Write out the multiplication table for the field $\mathbb{Z}[\alpha] := \mathbb{Z}_2[x]/(x^3+x+1)$.

Question

Write out the multiplication table for the field $\mathbb{Z}[\alpha] := \mathbb{Z}_2[x]/(x^3+x+1)$.

Q1. What is the inverse of $\alpha$?

Q2. Determine a generator of the multiplicative cyclic group $\mathbb{Z}[\alpha]^\times$

I've written down the table, but how do I get the inverse of $\alpha$? $\alpha$ can be any number. If $\alpha$ is not an integer, how do I take mod $2$?

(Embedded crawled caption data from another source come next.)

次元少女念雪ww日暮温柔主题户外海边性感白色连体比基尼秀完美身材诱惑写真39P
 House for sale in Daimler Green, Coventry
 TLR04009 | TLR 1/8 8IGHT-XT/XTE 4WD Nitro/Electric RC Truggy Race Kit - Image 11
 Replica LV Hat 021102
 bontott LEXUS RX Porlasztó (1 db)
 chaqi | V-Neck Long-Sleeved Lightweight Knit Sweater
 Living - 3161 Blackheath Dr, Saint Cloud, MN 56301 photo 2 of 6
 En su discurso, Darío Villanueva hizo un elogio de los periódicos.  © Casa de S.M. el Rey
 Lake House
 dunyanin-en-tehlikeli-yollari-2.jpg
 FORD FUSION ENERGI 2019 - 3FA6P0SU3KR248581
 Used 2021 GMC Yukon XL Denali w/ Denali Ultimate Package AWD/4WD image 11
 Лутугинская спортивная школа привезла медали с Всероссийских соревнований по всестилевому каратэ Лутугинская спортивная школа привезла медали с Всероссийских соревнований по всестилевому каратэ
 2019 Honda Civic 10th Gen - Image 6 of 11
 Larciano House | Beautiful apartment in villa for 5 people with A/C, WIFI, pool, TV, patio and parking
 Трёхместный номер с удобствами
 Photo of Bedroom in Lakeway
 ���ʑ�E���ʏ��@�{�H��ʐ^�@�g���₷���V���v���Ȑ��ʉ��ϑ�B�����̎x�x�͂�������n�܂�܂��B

And for Q2, I can see that, in my table, all $8$ elements of $\mathbb{Z}_2[x]/(x^3+x+1)$ generate all elements of $\mathbb{Z}_2[x]/(x^3+x+1)$. For example, $x+1$ generates all eight elements. Is this because $x^3 + x + 1$ is irreducible?

Answer 1

The field is $GF(8)=\Bbb Z_2[x]/\langle x^3+x+1\rangle$ and contains a zero of $x^3+x+1$, namely the residue class $\alpha = \bar x = x +\langle x^3+x+1\rangle$. Then $\alpha^3+\alpha+1=0$ in $GF(8)$.

The elements of $GF(8)$ are $0, 1, \alpha,\alpha^2,\alpha^3=\alpha+1,\ldots,\alpha^6, \alpha^7=1$. So the inverse of $\alpha$ is $\alpha^6=(\alpha^3)^2 = (\alpha+1)^2 = \alpha^2+1^2 = \alpha^2+1$.

The multiplicative group $GF(8)^*$ is cyclic and has $\alpha$ as a generator, see above.

Answer 2

For Q1: Here $\alpha$ is not 'any number' - $\alpha$ designates a root of $x^3+x+1$, which has been adjoined to make this field. In effect, $\alpha==x$. So ask: what polynomial over $\mathbb{Z}_2$, when multiplied by x, yields a polynomial in $\mathbb{Z}_2[x]$ with remainder 1 modulo $x^3+x+1$?

And for Q2: Yes it is because $x^3+x+1$ is irreducible over $\mathbb{Z}_2$.